By using a simple tool, the researchers managed to rewrite the non-volatile memory chip that contains the memory overwrite settings, disable it, and then enable booting from external devices. Take a look at the video showing the Demonstration of the New Cold Boot Attack.
Similar to the traditional cold boot attack, the new attack also needs physical access to the target device and also the correct tools to recover remaining data in the computer’s memory.
According to one of the researchers, F-Secure principal security consultant Olle Segerdahl, “It’s not exactly easy to do, but it is not a hard-enough issue to find and exploit for us to ignore the probability that some attackers have already figured this out. It’s not exactly the kind of thing that attackers looking for easy targets will use. But it is the kind of thing that attackers looking for bigger phish, like a bank or large enterprise, will know how to use.”
The researchers believe that the new attack technique will be effective against nearly all modern computers and even Apple Macs and can’t be patched easily and quickly.
They have already shared their findings with Microsoft, Intel, and Apple, and helped them explore possible mitigation strategies.

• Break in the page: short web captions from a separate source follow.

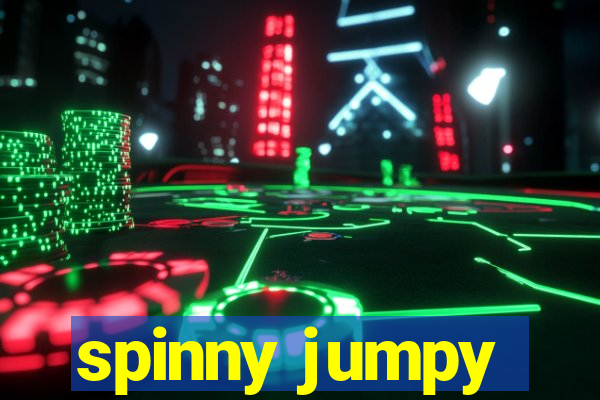 spinny jumpy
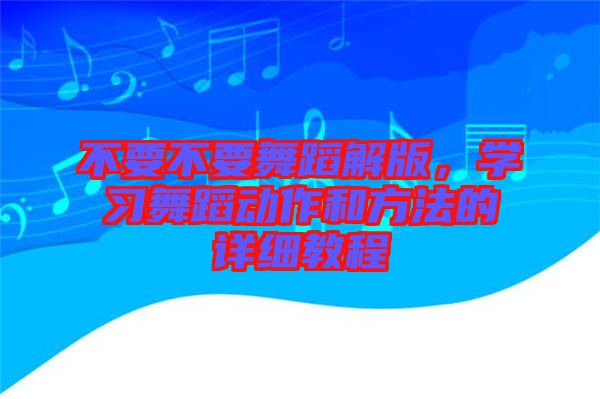不要不要舞蹈解版，學(xué)習(xí)舞蹈動(dòng)作和方法的詳細(xì)教程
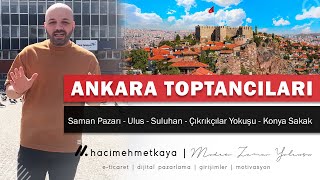 Ankara Toptan Tekstil Mağazaları  Saman Pazarı  Konya Sokak  Suluhan  Çıkrıkçılar Yokuşu Turu [upl. by Aniarrol]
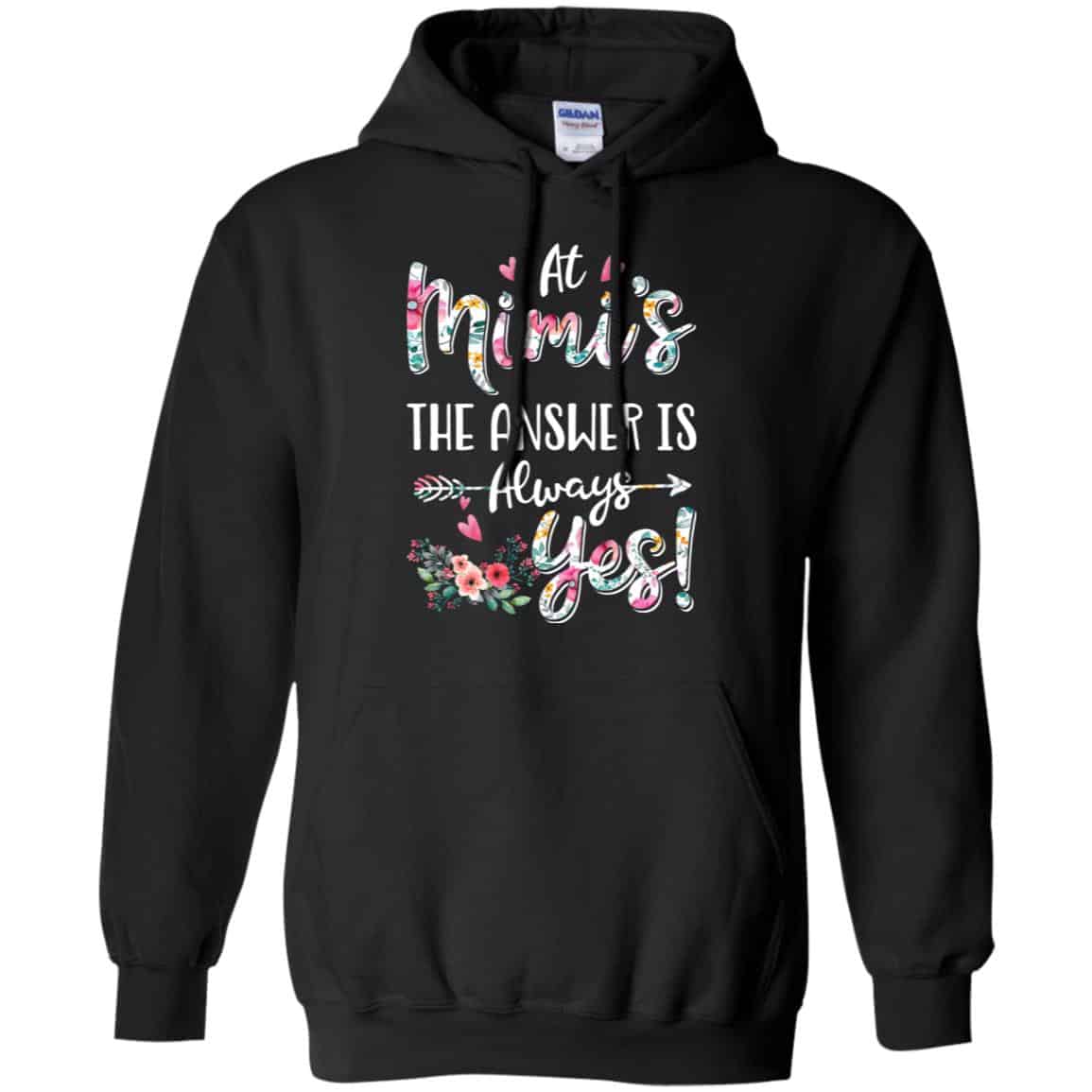 At Mimi’s The Answer Is Always Yes Floral Mother’s Day Gift T-Shirts, Hoodie, Tank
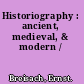 Historiography : ancient, medieval, & modern /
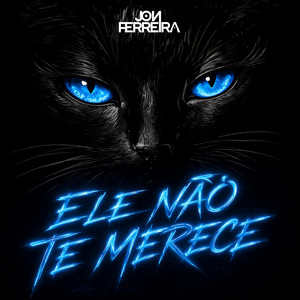 Ele Não Te Merece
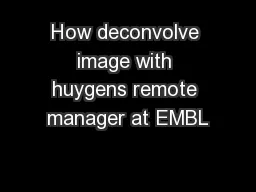 How deconvolve image with huygens remote manager at EMBL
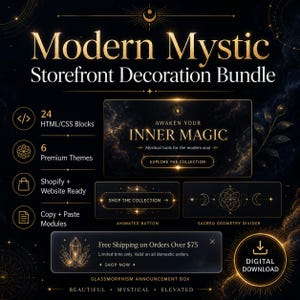 May include: A digital storefront decoration bundle with the text "Modern Mystic." The image features design elements including HTML/CSS blocks, premium themes, Shopify compatibility, and copy/paste modules. It also includes the text "Awaken Your Inner Magic."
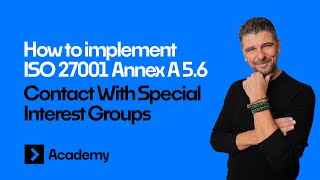 ISO 27001 Contact With Special Interest Groups  Annex A 56  Explained [upl. by Joselyn]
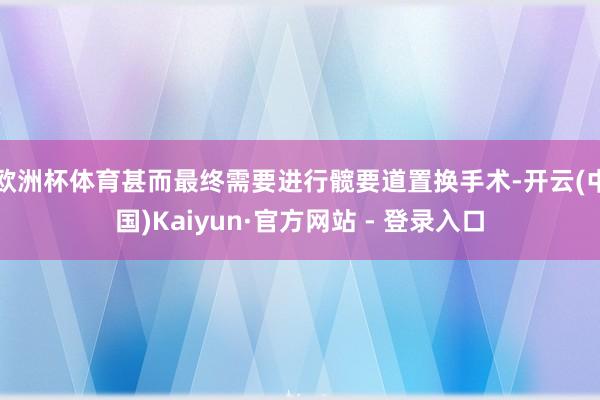 欧洲杯体育甚而最终需要进行髋要道置换手术-开云(中国)Kaiyun·官方网站 - 登录入口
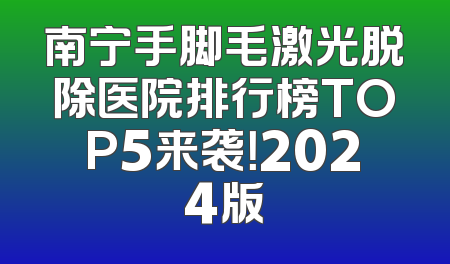 南宁手脚毛激光脱除医院排行榜TOP5来袭！2024版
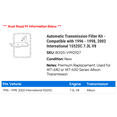 thumbnail image 2 of Automatic Transmission Filter Kit - Compatible with 1996 - 1998, 2002 International 1552SC 7.3L V8 1997, 2 of 2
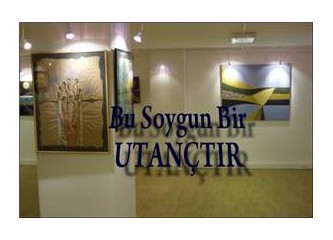 Müze soygunu bir utançtır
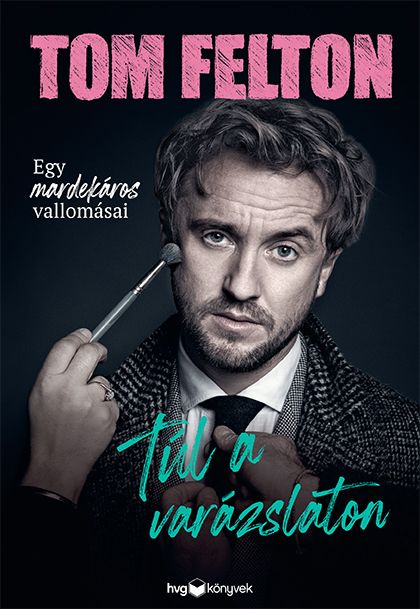 Tom Felton - Túl a varázslaton [szépséghibás]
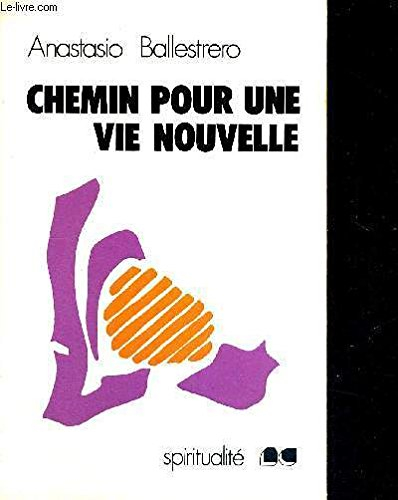 Chemin pour une vie nouvelle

Microsoft updated its guidance on Bitlocker countermeasures in response to the F-Secure’s findings, while Apple said that its Mac devices equipped with an Apple T2 Chip contain security measures designed to protect its users against this attack. And for those Mac computers without the latest T2 chip, the users have to set a firmware password to strengthen the security of their computers. Intel has not commented regarding the issue.
The researchers mention that even though there is no reliable way to prevent or block the cold boot attack once an efficient attacker gets their hands on a laptop but the companies can configure their devices so that attackers won’t find anything worth to steal.
They recommend the IT departments to configure all company computers to either shut down or hibernate (not enter sleep mode) and require users to enter their BitLocker PIN whenever they power up or restore their PCs.
Even then the attackers can conduct a cold boot attack against computers configured like this, but since the encryption keys are not stored in the memory when a machine hibernates or shuts down, there will not be any valuable information for them to steal.
The F-Secure team have presented their findings at the Sec-T conference held at Stockholm. Their presentation has been published on YouTube.